The trooper stepped back to look in the rear side window at the rifles on the floor and said, “Whole county’s filling up with untrained men with guns. Not how I’d do it, but nobody asked me. You got your membership card?”
“In the Rod and Gun Club? Sure.” Reaching for his wallet, Lindahl sounded sheepish as he said, “It’s a little out of date.”
“Doesn’t matter,” the trooper said. “Doesn’t have a photo, anyway.” He nodded at the card Lindahl showed him, without taking it, and said, “Leave it on the dashboard so if you’re stopped again they’ll know who you are.”
“Good idea.” Lindahl put his membership card on top of the dashboard where it could be seen through the windshield.

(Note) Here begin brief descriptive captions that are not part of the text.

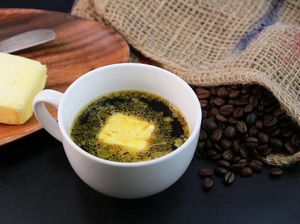 Berani Coba? Oatmeal hingga Minyak Kelapa Ternyata Dicampur ke Kopi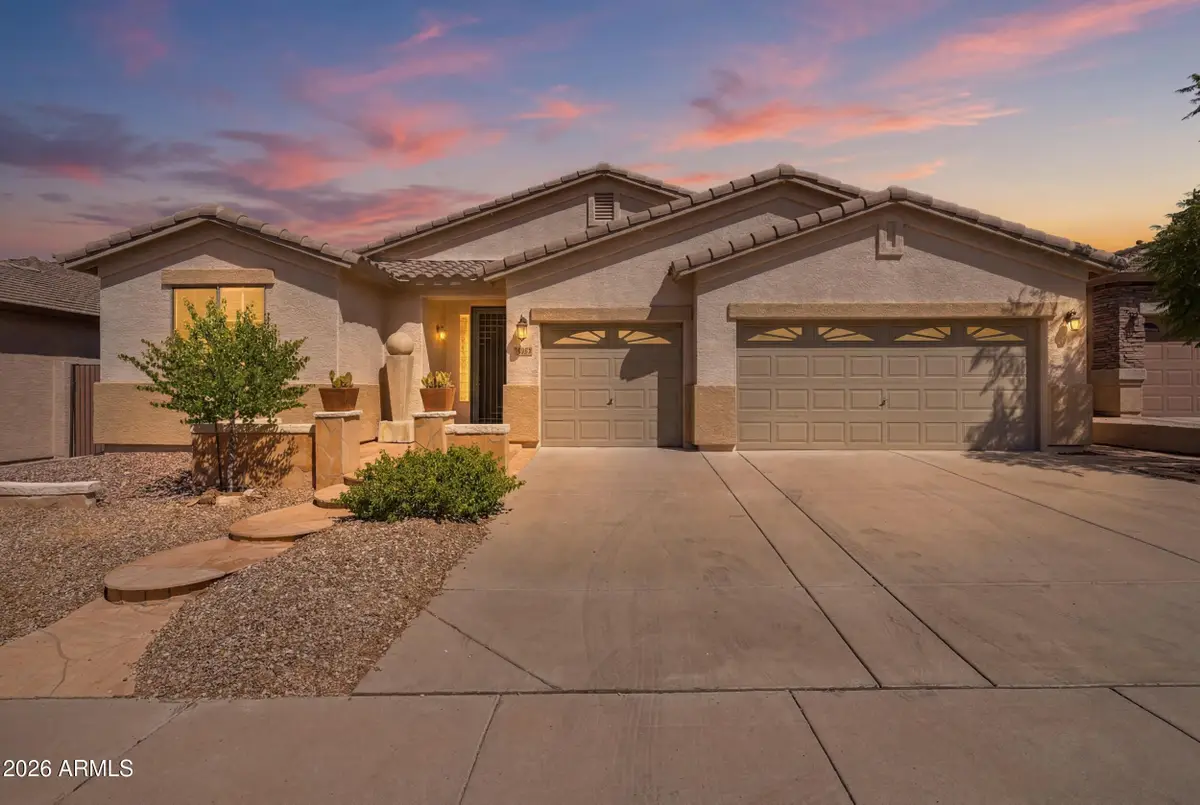 27611 N 65th Drive, Phoenix, AZ 85083 - #1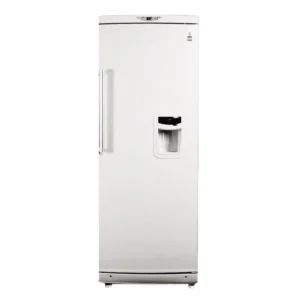 یخچال 13 فوت پارس مدل PRH17636EW-W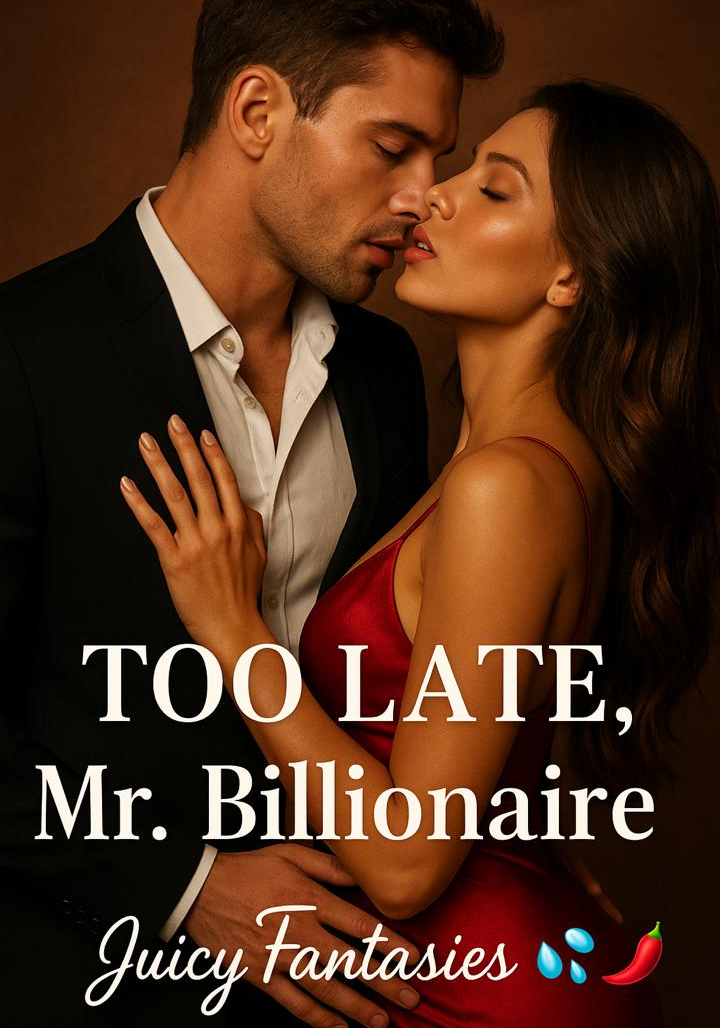 Too Late, Mr. Billionaire
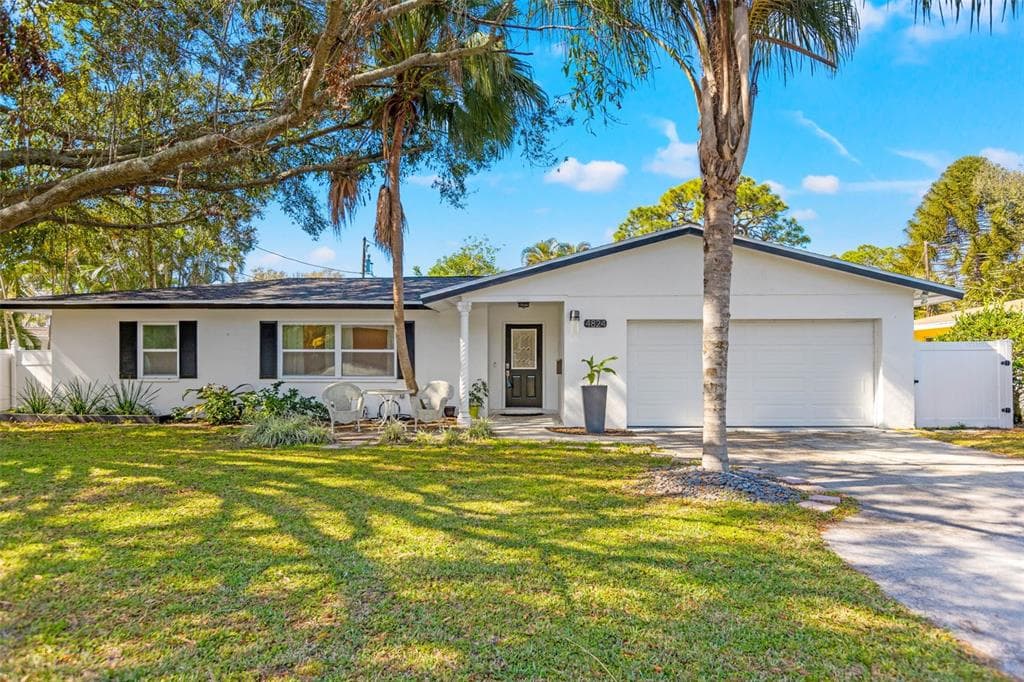 4824 HUNTINGTON STREET NE ST PETERSBURG, FL 33703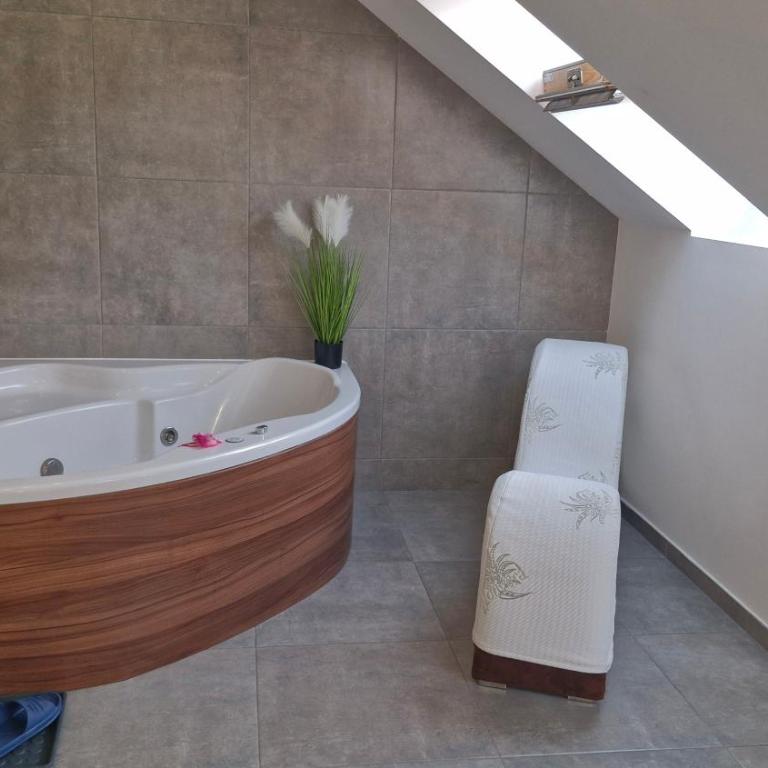 Дринске дивизије 9 apartman - Apartman sa 1 Spavaćom Sobom - 15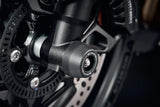 Evotech Performance Fork Protector Kit for Triumph Daytona 660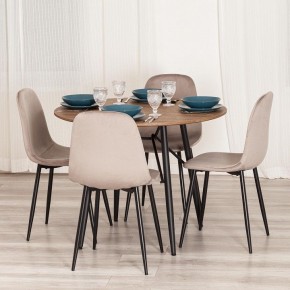Стул Breeze (mod. 4724) в Тарко-Сале - tarko-sale.ok-mebel.com | фото 11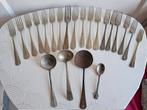 Vintage Bestek Set, Antiek en Kunst, Ophalen of Verzenden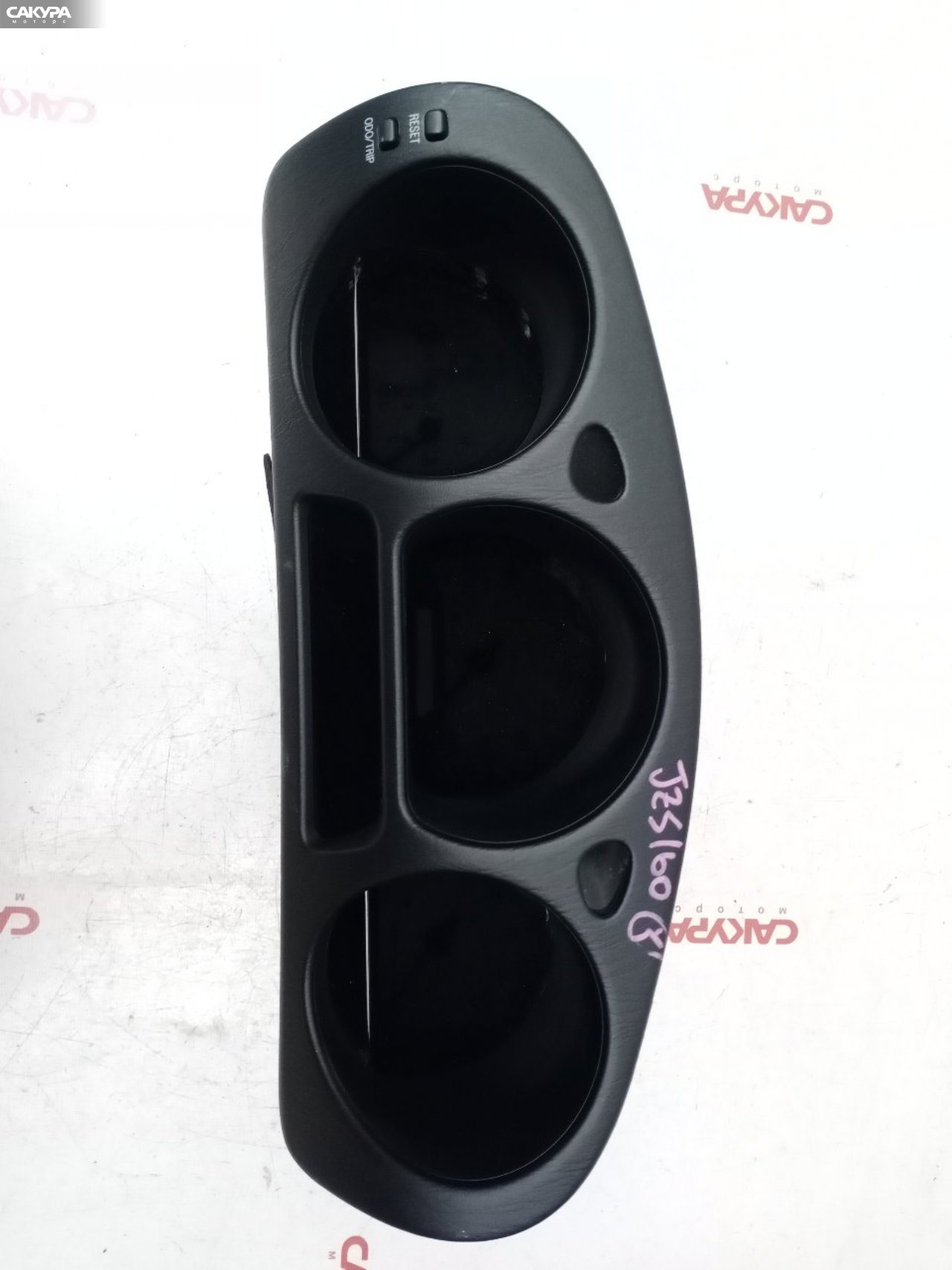 Панель приборов Toyota Aristo JZS160 2JZ-GE: купить в Сакура Красноярск.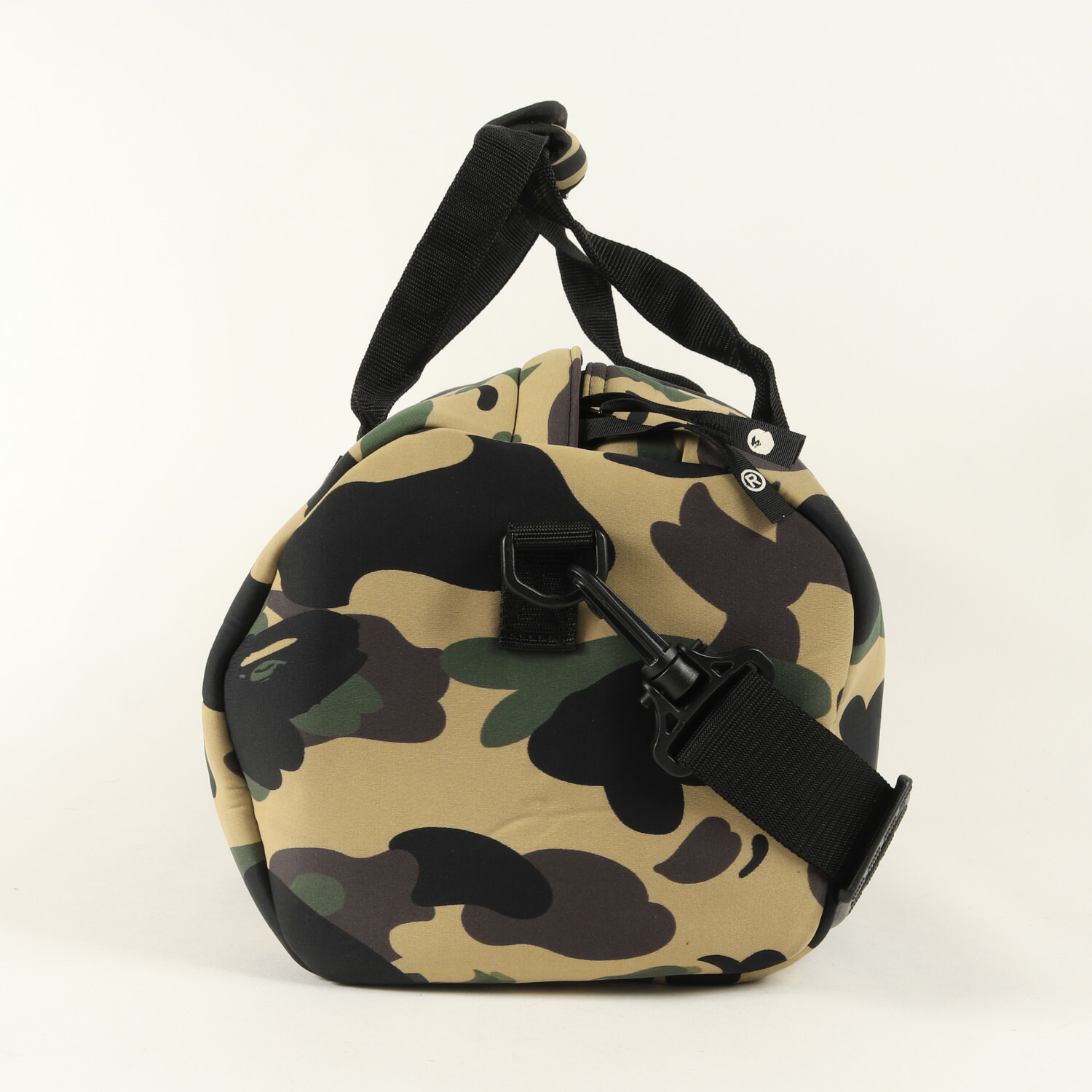 楽天市場】A BATHING APE ア ベイシング エイプ バッグ 00s 1stカモ 猿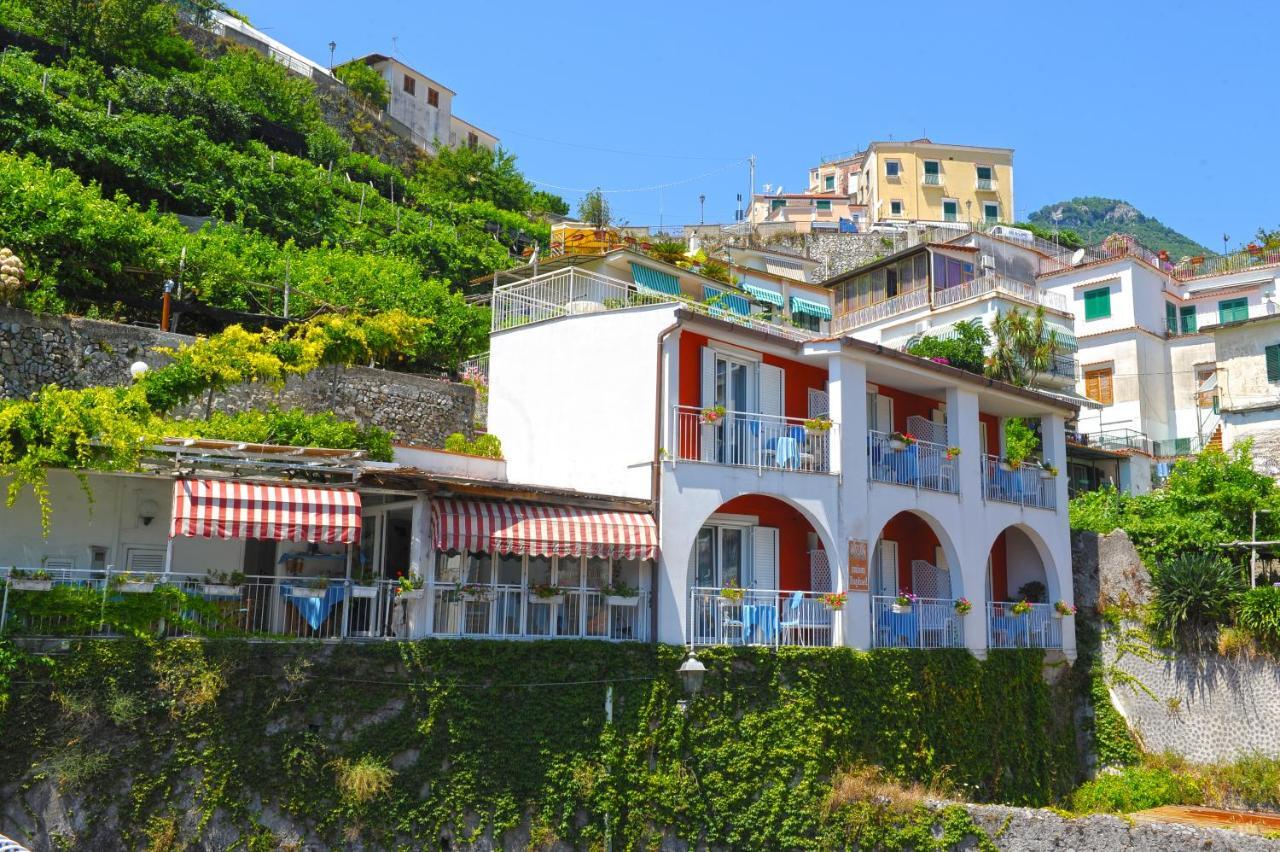Maison Raphael Minori Cameră foto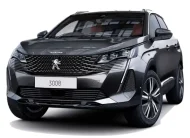 2026 Peugeot 3008 1.6L Allure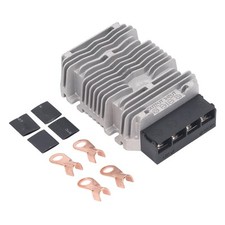 720W 50A DC Transformer DC36 48V 3060VDC à DC 12V Converter IP67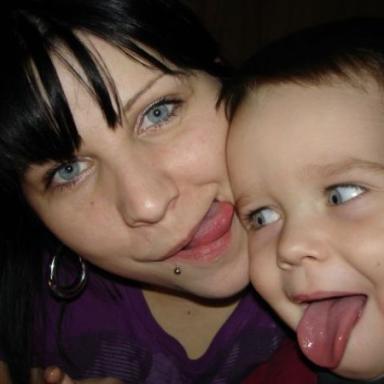 Ahoj Holky :-)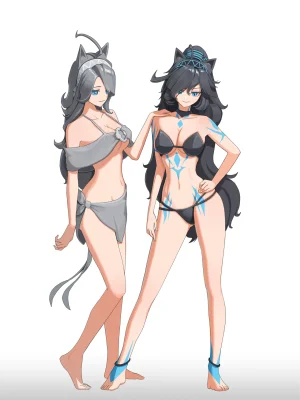 Pixiv hoody臼王 22304920 - Page 110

The trooper, sour but resigned, stepped back and said, “Okay, go ahead.”
“Thank you, sir.”
They drove on, through hilly country, still mostly forested, many of the trees now changing to their fall colors, crimson and russet and gold. There were apple orchards, darkly red, and scruffy fields where dairy cows had once grazed, now mostly vacant, though here and there were groups of horses or sheep or even llamas. The houses were few and old and close to the ground.
They climbed awhile, the road switching back and forth through the partly tamed forest, then came to a town with a sign reading St. Stanislas and a steep main street. What they were headed for was not a church, but an old Grange Hall, its clapboard sides painted a medium brown too many years ago, with the metal signs of half a dozen fraternal organizations on stakes along the roadside out front.